The Walking Dead: Season 2 Episode 3: In Harm's Way
First posted on 01 June 2014. Last updated on 15 September 2014.
|Carver is a vicious antagonist.|
|Clementine does not like her new jacket.|
|Some familiar characters may make a return cameo.|
|Carver confronts Clementine.|
The Walking Dead: Season 2
The season is comprised of 5 episodes:
- Episode 1: All That Remains
- Episode 2: A House Divided
- Episode 3: In Harm's Way
- Episode 4: Amid the Ruins
- Episode 5: No Going Back
At the end of the second episode of the second season of The Walking Dead, Clementine and her fellow survivors are seen engaging in a gunfight with Carver and his motley crew—and coming out on the losing side. The group is quickly rounded up and taken to a survivor camp (or rather internment camp) that is ruled by Carver with an iron fist. Escape for the group means not only dealing with the gun toting guards inside the camp but also the large horde of walkers heading their way.
Episode 3: In Harm's Way is an interesting installment to this season. For all that it is the same gameplay expected from the now familiar episodic model, this episode is also the longest episode so far in the series (even when including both the first and second seasons). Generally speaking, each of the previous installments can be completed in around 2 hours; by comparison, this installment clocks in around 3-4 hours, depending on how the player chooses to play—effectively lengthening the game by elongating dialog trees. There is also far less action than is expected—given the general backdrop of the episode—amounting to a handful of very short Quick Time Event (QTE) action play. Although there is an (inaccessible) inventory, at no point is it utilized to solve puzzles in this episode.
Instead, both action and puzzle plays are sacrificed for a tight, tense narrative—in which Telltale Games excels—that perhaps for the first time in the series really is largely determined by choices made in previous episodes outside of a few subtle dialog or character changes.
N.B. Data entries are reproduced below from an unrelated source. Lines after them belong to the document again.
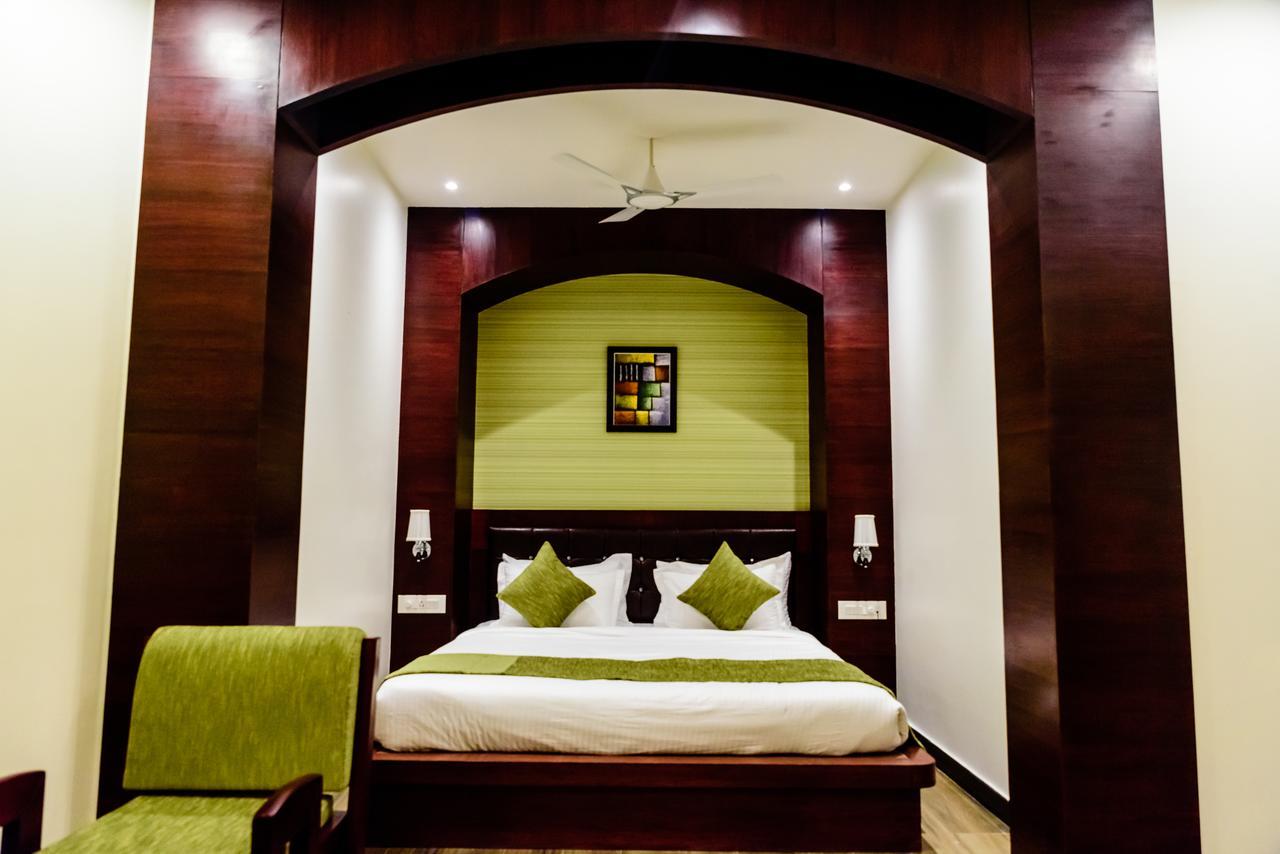 Konark Grand Hotel Mirzāpur Exterior foto
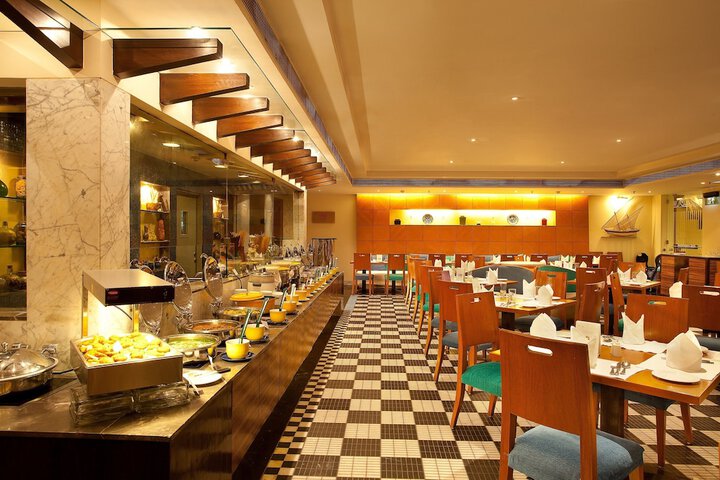 Dining 48 of 58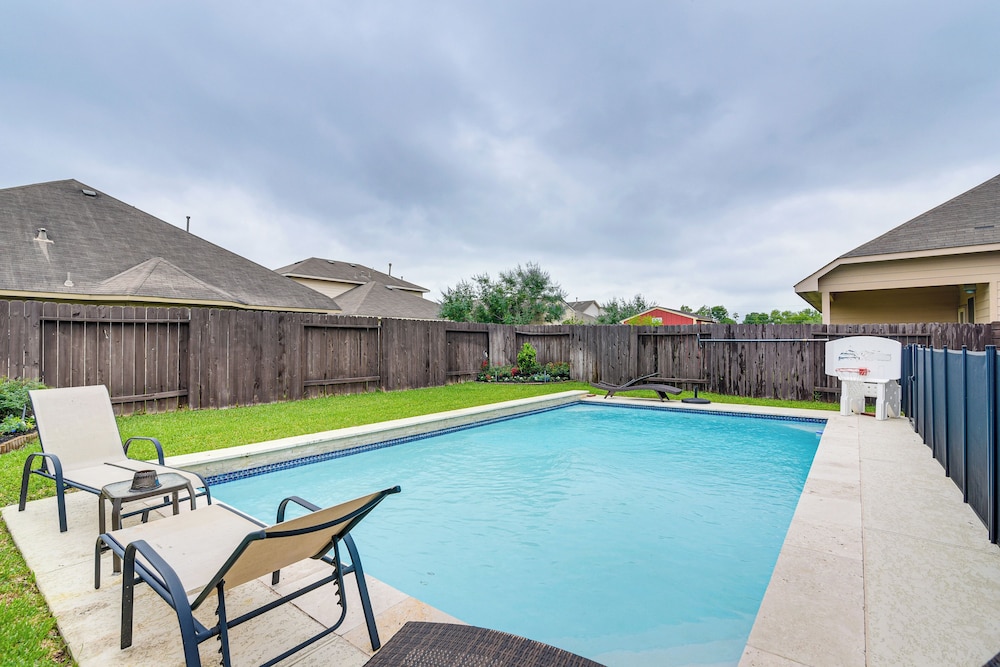 Miscellaneous Market Vacations - Modern Houston Home w/ Patio: 12 Mi to Downtown! - Property Image 1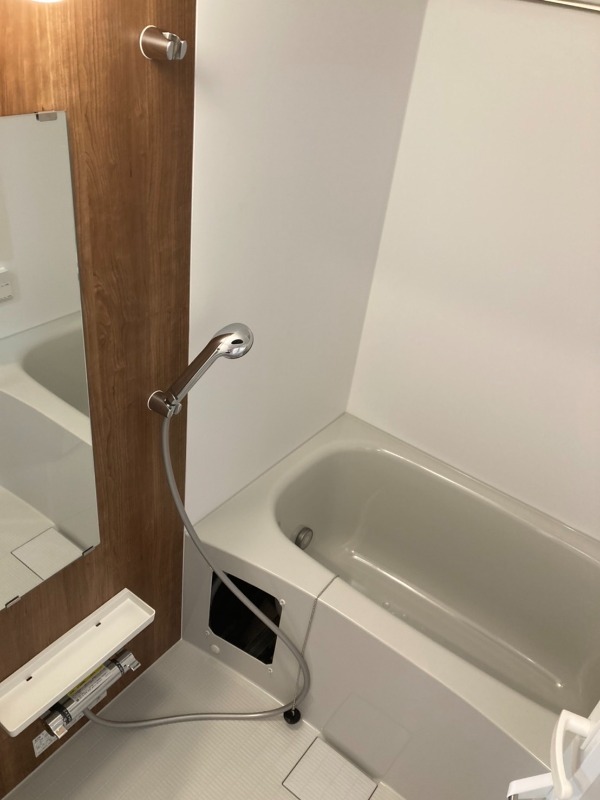 バス・シャワールーム　浴室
For example, failing to save a member of Clementine's group during the gunfight (as in my case) in the previous episode will lead to that character's absence in the current episode. As a direct result, a character from Carver's group may remain alive at the end of this episode because the character which the player fails to save is not present to kill the individual. While the overall linear nature of these episodes dictates that at some point most (if not all) of the player's choices will self correct in narrative by the final episode, it really is encouraging to see the developer experiment more with the consequences of choices in the series outside of minor cosmetic effects.
Additionally, this episode shows the effects of choices made in the bridging DLC episode, 400 Days, from the first season. The previous episode has already introduced Bonnie back into the fray, who is very present in this episode (no matter what choices the player makes in 400 Days, Bonnie will always join the group of survivors, and her presence in the current episode is not determinant). This episode also confirms that Carver's group is in fact the survivor camp previously introduced in the epilogue for 400 Days. Depending on the outcome—namely which characters decide to go with Tavia, Carver's recruiter—these same characters will show up at some point during this episode with a bit of throwaway dialog. For example, Vince may warn Tavia not to smoke inside the compound, and later Wyatt may speak to Clementine in passing.
The Walking Dead series has always pitted horrible choice against horrible choice, forcing the player to select between morally difficult decisions in increasingly no-win situations. It has also generally presented Clementine as a sort of beacon of goodness and light in a world where every character wrestles with duality and moral decisions. I mention this because in a particularly pivotal scene during this episode the game presents a very interesting conversation between antagonist Carver and protagonist Clementine, wherein Carver tells Clementine that she and he are in effect cut from the same cloth. While the dialog smacks a bit of hokey clichéd villainous speak—Carver stating that he makes monstrous decisions for the greater good, even if an individual suffers, because he genuinely believes he is doing it for the greater good—the scene breaks through the fourth wall, implying that the player, through Clementine, really is no different. Suddenly, this monster of a man is not only humanized but accuses the player of performing these same atrocious deeds—of perhaps making decisions without considering an individual's humanity. The series has never been more prescient.
For me, The Walking Dead: Season 2 Episode 3: In Harm's Way is the best episode of this season of The Walking Dead to date. I understand that some fans may be disappointed with the current installment for its lack of action or for extending dialog in a way that may seem like padding. However, I sincerely hope to see more of the same in the remaining episodes of this season as well as any subsequent continuations for the series.